Andrew Morton: Well, I've always been that-way inclined. Back in '86 I developed a build-it-yourself 68000-based computer. Both the hardware and its unix-like operating system. We sold about 400 of them. We licensed Minix from Macmillan and my great friend Colin McCormack ported it - I think this may have been the only non-PC port of Minix. The Applix 1616 project was fun, and a lot of people learned a lot of things.

So I found The Applix 1616 project website. Very interesting read. I'd love to see something like this today. If anyone knows anything about something similar to 1616 which is available today, please share with us.

Re:soft updates problems

[Salamander]

This may be a corrupt sector containing metadata (maybe even for the "/" directory or "/kernel", if you were writing a new kernel at the time of the crash), or it may be other corrupt data which became corrupted in a cascade failure that resulted in the crash after one or more corrupted blocks were written to disk.

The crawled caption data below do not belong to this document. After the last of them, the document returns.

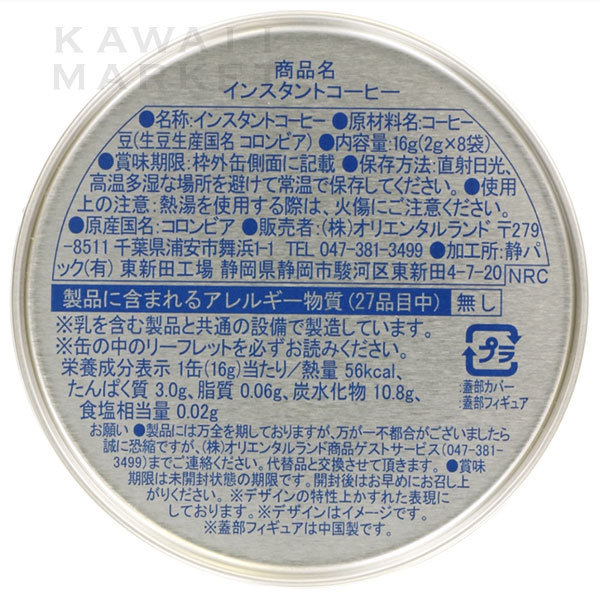 ミッキーマウス インスタントコーヒー 東京ディズニーランド限定 お土産 プレゼントの通販はau Pay マーケット Kawaii Market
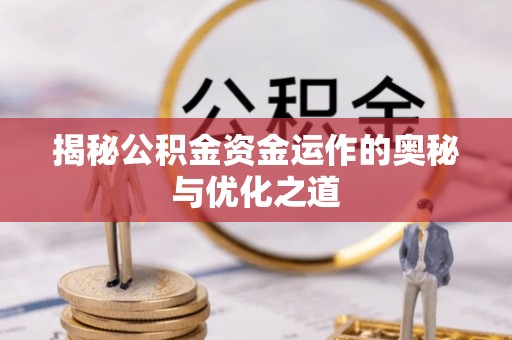 平塘揭秘公积金资金运作的奥秘与优化之道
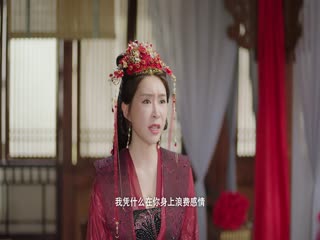 Ngự Uyên Lệnh Tập Tập 16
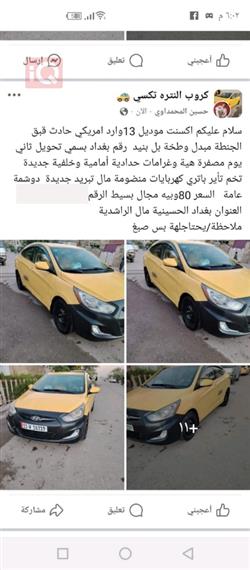 هيونداي أكسنت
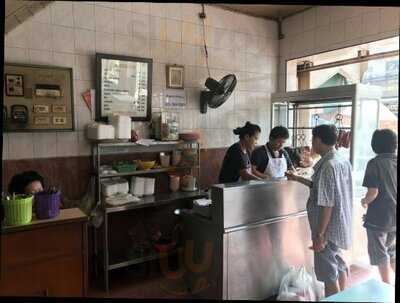 ร้านอาหาร จิ๊บกี่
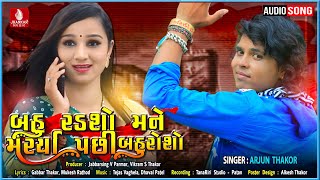 Bahu Radsho Mane Marya Pachhi Bahu Rosho  Arjun Thakor New Song  Gabbar Thakor Gujarati Sed 2020 [upl. by Zenobia]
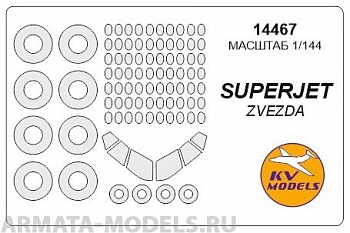 14467KV Окрасочная маска SUPERJET-100 + маски на диски и колеса для моделей фирмы ZVEZDA Набор изменен с декабря 2017 (добавлены маски на диски и колеса)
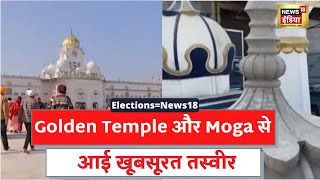 Punjab Election पंजाब चुनाव में Golden Temple और Moga से खूबसूरत तस्वीर [upl. by Rayshell]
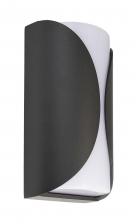 Настенный светильник Deko-Light Grumium 620129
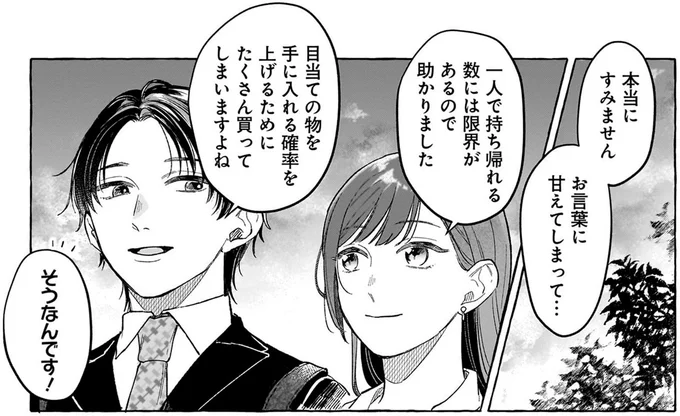 たくさん買ってしまいますよね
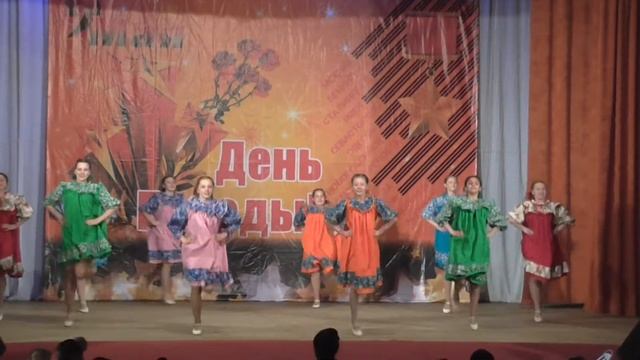 т. "Плясовая" смотреть онлайн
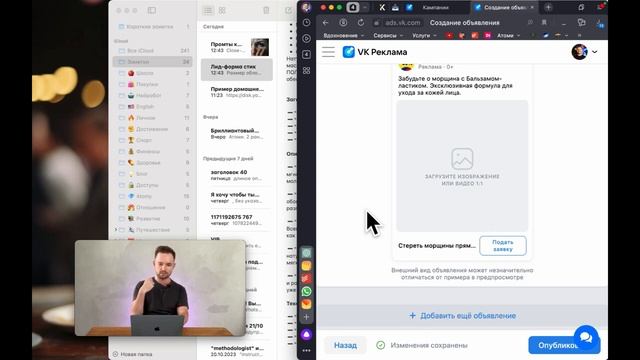 Шаг 7 Создание объявления Вк смотреть онлайн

I'll be charitable and say your comment is merely misleading. This scenario is no more a problem for soft updates than it is for journaling. The only way it could be a problem would be if you had enabled write caching on a drive that didn't maintain write order and didn't have enough reserve power to flush its write cache on power loss. Well, guess what? Take that same impossible-to-find drive, use it to store your journal instead of soft updates, and you'd be just as screwed.

Look, soft updates are a good thing, but they aren't a panacea for all problems.

Journaling is no panacea either, and it involves additional performance costs that many find unacceptable. On balance, soft updates still seem like a far better solution.